Going Offshore Without Going Off the Deep End

It seems like everyone's doing offshore, but not everyone is doing it right

by Rajan Chandras

Continued from Page 1

Preparing For The Journey

As you develop your offshore strategy, there are measures needed at your end to make the partnership successful. The following steps will help you successfully build up (and build upon) offshore partnerships.

Appoint an offshore advisor. Appoint a key internal resource in your organization to be the point-person for spearheading the offshore initiative. The offshore advisor (OA) isn't required to sell the initiative, and won't bear project responsibility or accountability. This role will rest within the project — for example, with the project management or steering committee. The job of the OA is to understand the offshore paradigm; present its value to the business; select vendors; set up policies, procedures, and guidelines for offshore projects; and manage the vendor relationships. In many ways, this position is akin to a purchasing manager, and essential attributes required of the OA will include a good working relationship with the business, good understanding of the software development life cycle, good negotiation skills, willingness to travel, and, last but not least, a high degree of cultural sensitivity.

Encourage, don't enforce. Present both the value and challenges of offshore development to your business managers — and then let them decide. Enforcing a policy of across-the-board offshore development is likely to create side effects detrimental to overall business objectives — side effects such as a reduced degree of ownership in projects and a decreased overall return on investment from offshore projects.

Include your own IT people. Ensure that your own IT department and your strategic enterprise consultants actively participate in the partnership. Bypassing your own employees makes it an "us vs. them" situation and is likely to alienate the very employees that have been the foundation of your success this far.

Instead, make your IT employees stakeholders in the successes and failures of offshore projects: Mix and match your in-house IT skills with offshore talent in your offshore projects. For example, use some of your own analysts or developers; exchange your in-house and offshore resources for an appropriate duration; and bring together an advisory roundtable of decision makers — in architecture, infrastructure, applications, and project management — together with their offshore counterparts.
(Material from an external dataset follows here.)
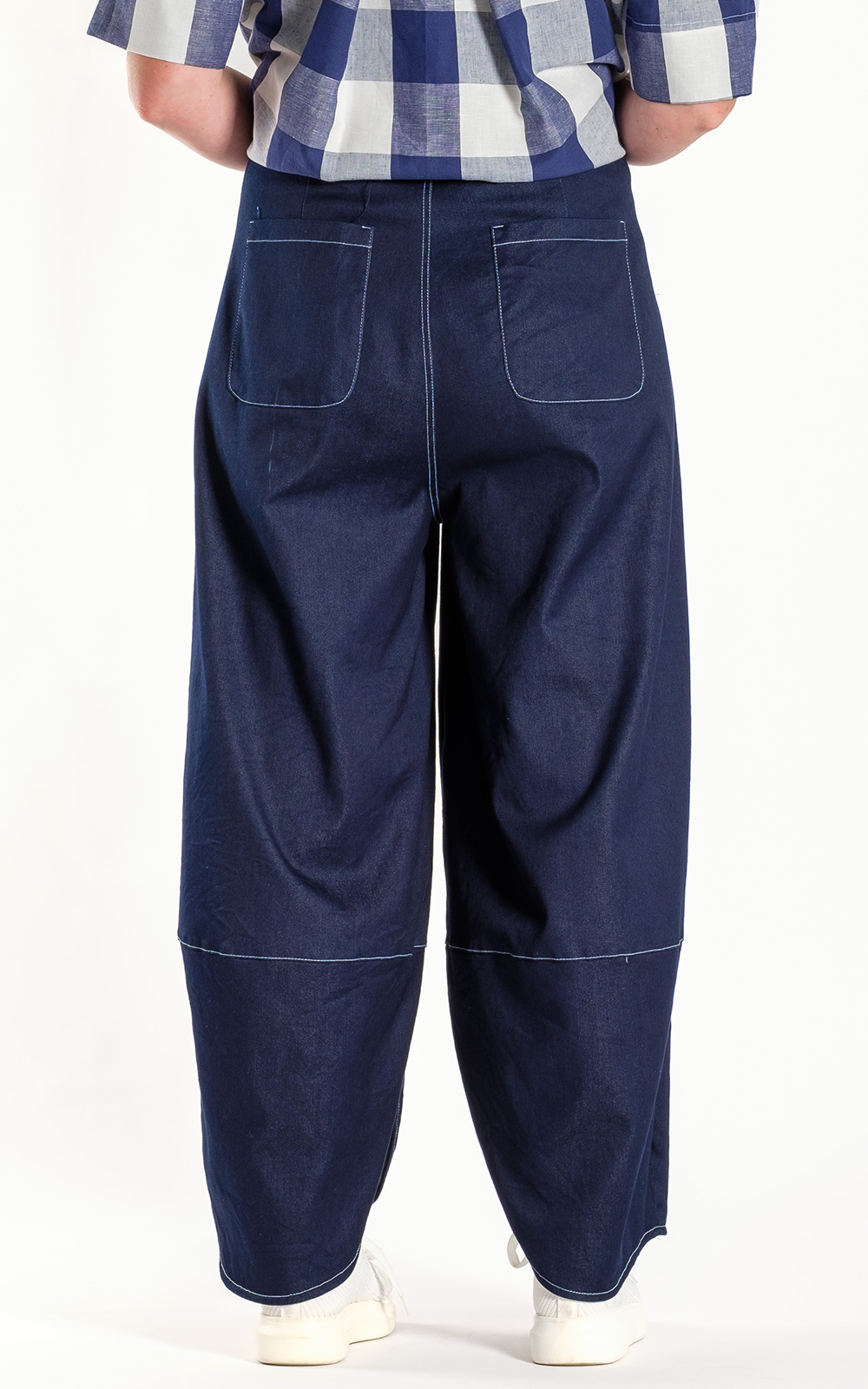 Apartmento Pants product photo.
Choose your weapons. Where possible, settle upon a common set of tools that will be the default for all offshore projects — typically for areas such as project management, information modeling, and software testing. Using standard tools will flatten the learning curve for these areas across projects, while allowing project teams to focus on learning technologies that are core to project delivery, such as development tools and operating environments. At the same time, since project requirements vary, use of the "default toolset" should be optional and left to the project teams.
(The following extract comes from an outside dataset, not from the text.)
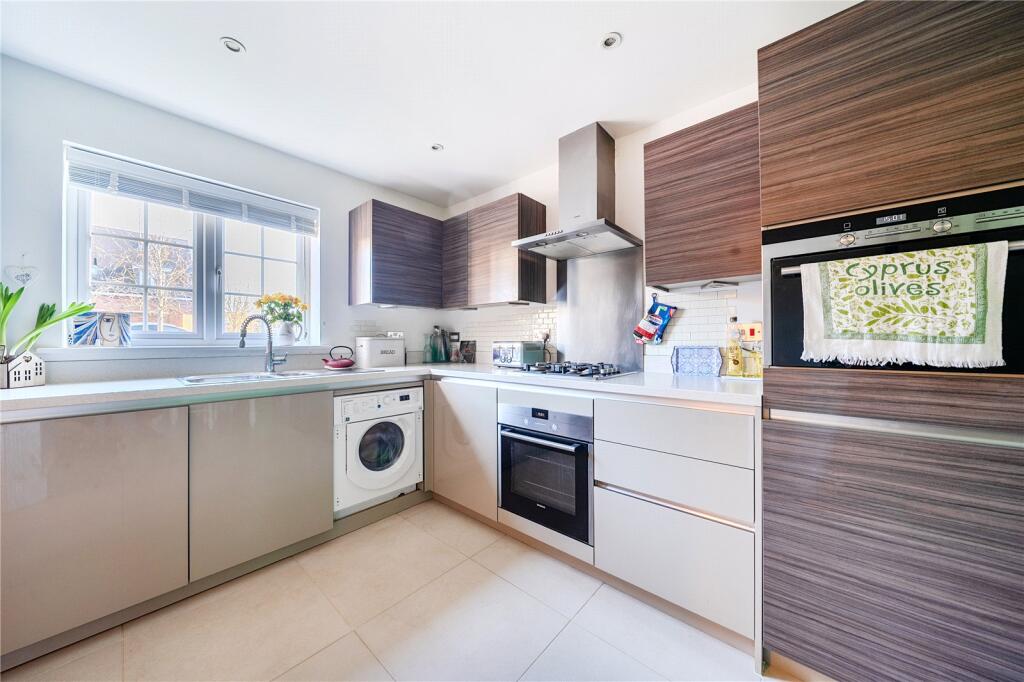 House in Hart, Crookham Village - View 3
Ensure close cooperation. Communication is your key to success, and it will require careful planning and some expenditure. Ensure that your offshore team is as well connected by phones and voice messaging as you are. Don't assume it is. Do you need your key offshore personnel to have after-hours connectivity? If so, include pagers or mobile phones in the budget. Set up video and audio conferencing. Plan for visits in both directions. Ensure email systems are compatible. Set up systems (such as file transfer protocol) to move data files.
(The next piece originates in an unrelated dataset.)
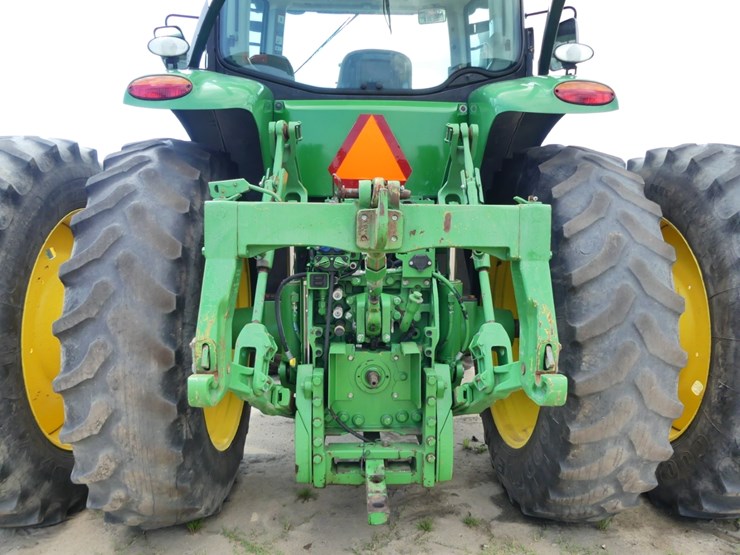 2015-john-deere-7210r-image-5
Overcome cultural barriers. When your offshore colleague says "Give me a ring tomorrow," chances are she's requesting you phone her, rather than asking you to marry her! Cultural differences make for great humor in both directions, but success in the long run results from mutual understanding and mutual respect. Spend efforts, time, and, if needed, money in ensuring that cultural differences are mutually understood and accepted.

The buck stops with you. The ultimate point of responsibility and accountability for the project should be someone onshore — that is, a local person or group, not an offshore entity. This measure prevents accountability slips and appoints an available contact for any issues that arise before, during, and after the project.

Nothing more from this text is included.